6 minute read

I’ve been doing a Udemy course as a preparation for the AWS Certified Solutions Architect - Associate. These are my summary notes

AWS Certified Solutions Architect - Associate

Exam

  • 130 minutes
  • 60 questions
  • Results are between 100 - 1000, pass: 720
  • Scenario based qestions

IAM

  • Users
  • Groups
  • Roles
  • Policis

Users are part of Groups Resources have Roles : i.e, for an instance to connect to S3, it needs to have a role All the User groups and Roles get their permissions are through Policies, which are defined by json:

# God mode policy
{
    "Version":"2019-01-01",
    "Statement": [
        {
            "Effect": "Allow",
            "Action": "*",
            "Resource": "*"
        }
    ]
}

(Creating policies is not part of the exam)

General

  • IAM is cross-regional
  • “root account” is the account created with the first setup of the AWS account, and has complete Admin access.
  • New users have no permissions until assigned
  • New users are assinged Access Key Id and Secret Access Keys when created, for the api access.

S3

  • Key - Value Object based, with metadata and versioning
  • Has access control lists
  • Max 5TB file size
  • Buckets are universal namespace (https://s3-{region}.amazonaws.com/{bucket})

Consistency model:

  • Read After Write consistency - object will be availabe for readdirectly after being written
  • Eventual consistency for overwrite PUTS and DELETES

Storage Tiers/Classes

  • S3 Standatrd - 99.99% availability, 99.999999999% durability, cross-devices, cross-facilities redundancy, designed to sustain loss of 2 facilities at the same time.
  • S3 - IA (infrequently access) - for data accessed less frequently. Lower storage fee, but has a retrieval fee. S3 One Zone - IA : the same as IA, only in 1 AZ. (cheaper)
  • Glacier: Very cheap, archival only. Standard retrieval time takes 3 - 5 hours.

Cross Region Replication (CRR)

  • Requires versioning enaled on the source bucket

CloudFront

  • Edge Location - the location the content will be cached: Per AWS Region (They are not read only, you can write to them too, and they will replicate to the origin and from there to others)
  • Clearing cache cost money :)
  • Origin - The original file location: S3 bucket, EC2 instance, ELB, or Route53
  • Distribution - all the locations of the Edges you defined
  • Can distribute dynamic, static, streaming and interactive content (Web Distribution: most common, for websites; RTMP - media streaming)

EC2

Placment groups

Two types:

  1. Cluster placment group - A group of instances within a single AZ that need low latency / high throughput (i.e cassandra cluster).

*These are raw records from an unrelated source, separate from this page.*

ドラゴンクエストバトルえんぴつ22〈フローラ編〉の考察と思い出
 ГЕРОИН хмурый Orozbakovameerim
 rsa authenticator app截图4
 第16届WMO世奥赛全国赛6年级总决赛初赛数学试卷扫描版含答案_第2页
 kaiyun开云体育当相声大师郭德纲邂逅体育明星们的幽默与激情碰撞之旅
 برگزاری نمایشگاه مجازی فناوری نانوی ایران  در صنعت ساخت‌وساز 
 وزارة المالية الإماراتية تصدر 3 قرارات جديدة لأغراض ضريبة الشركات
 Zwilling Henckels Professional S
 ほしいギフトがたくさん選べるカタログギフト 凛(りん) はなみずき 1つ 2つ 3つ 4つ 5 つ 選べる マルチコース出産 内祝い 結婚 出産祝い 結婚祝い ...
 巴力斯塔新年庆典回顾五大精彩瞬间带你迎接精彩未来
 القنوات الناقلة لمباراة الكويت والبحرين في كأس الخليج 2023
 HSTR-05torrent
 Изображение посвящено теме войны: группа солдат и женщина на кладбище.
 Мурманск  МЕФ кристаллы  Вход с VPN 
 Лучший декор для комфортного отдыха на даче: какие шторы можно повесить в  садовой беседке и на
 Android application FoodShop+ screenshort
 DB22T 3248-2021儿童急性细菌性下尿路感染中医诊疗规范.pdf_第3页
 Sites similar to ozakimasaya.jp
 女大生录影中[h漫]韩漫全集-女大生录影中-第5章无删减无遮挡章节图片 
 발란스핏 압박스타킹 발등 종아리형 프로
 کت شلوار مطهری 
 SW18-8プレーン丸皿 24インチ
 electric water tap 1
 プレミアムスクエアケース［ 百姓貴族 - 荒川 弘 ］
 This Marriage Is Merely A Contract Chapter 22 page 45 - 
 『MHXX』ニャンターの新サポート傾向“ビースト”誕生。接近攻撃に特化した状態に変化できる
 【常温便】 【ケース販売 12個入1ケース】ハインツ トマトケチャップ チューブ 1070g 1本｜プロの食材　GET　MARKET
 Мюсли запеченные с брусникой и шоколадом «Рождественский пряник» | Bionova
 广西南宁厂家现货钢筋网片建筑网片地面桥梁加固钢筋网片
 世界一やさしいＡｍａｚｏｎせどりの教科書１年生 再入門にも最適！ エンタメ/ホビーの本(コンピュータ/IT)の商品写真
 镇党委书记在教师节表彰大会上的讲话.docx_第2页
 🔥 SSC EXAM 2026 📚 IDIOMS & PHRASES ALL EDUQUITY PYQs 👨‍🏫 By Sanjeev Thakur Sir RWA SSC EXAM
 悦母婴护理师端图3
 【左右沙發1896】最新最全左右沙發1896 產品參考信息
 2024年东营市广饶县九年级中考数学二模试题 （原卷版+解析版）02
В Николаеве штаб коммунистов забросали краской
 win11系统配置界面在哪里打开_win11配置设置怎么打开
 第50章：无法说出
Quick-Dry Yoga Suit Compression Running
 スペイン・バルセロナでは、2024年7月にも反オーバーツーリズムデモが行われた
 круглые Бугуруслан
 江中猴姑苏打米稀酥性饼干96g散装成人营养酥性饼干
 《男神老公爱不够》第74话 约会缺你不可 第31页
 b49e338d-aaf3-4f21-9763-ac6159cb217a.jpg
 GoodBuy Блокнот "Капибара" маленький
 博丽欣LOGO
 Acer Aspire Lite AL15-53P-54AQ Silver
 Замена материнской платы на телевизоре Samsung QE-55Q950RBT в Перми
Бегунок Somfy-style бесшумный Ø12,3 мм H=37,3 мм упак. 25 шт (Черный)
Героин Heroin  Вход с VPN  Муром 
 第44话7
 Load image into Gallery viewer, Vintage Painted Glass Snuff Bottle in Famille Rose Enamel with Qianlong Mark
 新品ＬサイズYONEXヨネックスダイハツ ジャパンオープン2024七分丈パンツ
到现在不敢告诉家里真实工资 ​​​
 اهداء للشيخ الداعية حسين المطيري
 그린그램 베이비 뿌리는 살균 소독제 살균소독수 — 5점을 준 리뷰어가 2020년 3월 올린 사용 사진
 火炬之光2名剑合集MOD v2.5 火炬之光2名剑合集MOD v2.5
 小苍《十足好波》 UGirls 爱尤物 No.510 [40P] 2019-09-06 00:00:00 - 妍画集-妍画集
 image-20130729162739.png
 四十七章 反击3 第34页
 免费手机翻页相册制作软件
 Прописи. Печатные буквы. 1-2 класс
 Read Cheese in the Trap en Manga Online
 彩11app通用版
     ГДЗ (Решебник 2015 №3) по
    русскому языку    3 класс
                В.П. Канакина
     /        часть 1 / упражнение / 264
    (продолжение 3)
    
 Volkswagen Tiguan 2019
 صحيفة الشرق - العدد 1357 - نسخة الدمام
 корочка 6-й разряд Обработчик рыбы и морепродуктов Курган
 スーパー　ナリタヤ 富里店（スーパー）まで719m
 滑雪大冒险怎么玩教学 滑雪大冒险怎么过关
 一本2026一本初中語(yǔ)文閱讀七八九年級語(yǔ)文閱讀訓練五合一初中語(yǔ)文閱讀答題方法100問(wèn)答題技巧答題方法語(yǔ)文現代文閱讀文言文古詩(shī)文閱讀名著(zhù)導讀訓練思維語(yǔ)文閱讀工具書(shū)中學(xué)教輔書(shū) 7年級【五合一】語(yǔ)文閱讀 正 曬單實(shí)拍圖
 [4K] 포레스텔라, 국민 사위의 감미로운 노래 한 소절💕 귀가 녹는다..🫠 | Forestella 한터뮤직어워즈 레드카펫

Only available for specific types.
  2. Spread placment group - A group of instances that need to be place seperatly from each other
  • Placment group name myst be unique within aws account
  • Only available for certain instance types
  • Recommended to use homogenous instances within placment group
  • You can’t merge placment groups
  • You can’t move an exisitng instance to a placment group, only create it into it

EFS

  • Supports NFSv4
  • Only pay for used storage
  • Scales up to petabytes
  • Support thousands of concurrent NFS connections
  • Data is stored across multiple AZ within region

Route 53

DNS overview

  • NS - Name Server record. Meaning, if I go to helloRoute53gurus.com, and I’m the first one to try it in my ISP, then the ISP server will ask the .com if it has NS recored for helloRoute53gurus. The .com will have a record that maps it to ns.awsdns.com. So it’ll go to ns.awsdns.com , which will direct it to Route53..\
  • A - short for Address - that’s the most basic record, and it’s the IP for the url
  • TTL - time to live - how long to keep in cache
  • CNAME - resolve one domain to another (can’t be used for ‘naked’ domain names, e.g: ‘www.google.com’ )
  • Alias - unique to Route53, the may resource records to Elastic Load Balancer, CloudFron, or S3 bucket that are configured as websites. They work like CNAME (www.example.com -> elb1234.elb.amazonaws.com)
  • MX record - email records
  • PTR Records - reverse lookups

ELB do not have predefined IPv4 addresses, you resolve them using a dns name. So basically, if you have the domain “example.com” and you want to direct it’s traffic to an ELB, you need to use an Alias (not a cname, because it’s a naked domain name!, and not an A record because it has no IP)

Routing Policies

  • Simple Routing - 1 record with multiple ips addresses, randomly returned. No health checks
  • Weighted Routing - 1 record with N% goes to one rcecord, and M% to another and so forth
  • Latency Based Routing - Route 53 will send to the region with the lowest latency
  • Failover Routing - Health check based Primary/Secondary routing: if the primary instance fails (health check = false), directs to the secondary
  • Geolocation Routing - config which geo location goes to which instance
  • Multivalue Answer Routing - Several records, each with ip addresses, and health check for each resource. The ips will return randomlly, so it’s good for disparsing traffic to different resources.

VPC

  • NAT Gateways - scaled up to 10G, no need to patch/add security groups/assign ip (automatic), they do need to be updates in the routing table (so they can go out via igw)
  • Network ACL -
    • It’s like a SG, in the subnet level.
    • Each subnet is associated with one, but default it’s blocking all in/out bound traffic. you can associate multiple subnets to the same ACL, but only 1 ACL per subnet.
    • The traffic rules are evaluated from the lowest value and up.
    • Unlike SG, opening port 80 for incoming will not allow outbound response on port 80. If you want to communicate on port 80, you’d have to define rule both for inbound and outbound. (Otherwise, it’ll go in and not out)
    • You can block IP addresses using ACL, you can’t with SG
  • ALB - you need at least 2 public subnets for an Application Load Balancer

Application Services

SQS

  • Distributed Pull based Messaging queue
  • Up to 256 Kb messages
  • Default retention: 4 days, max 14 days
  • Default promisese “at-least-once”, “FIFO” promises exactly once with ordering
  • Can poll with timeout (like kafka)
  • Visibility - once message is consumed, it’s marked as “invisible” for 30 seconds (default, max is 12 hours), and if it’s not marked as “read” within that time frame, it returns to be visible and re-distributed to another consumer.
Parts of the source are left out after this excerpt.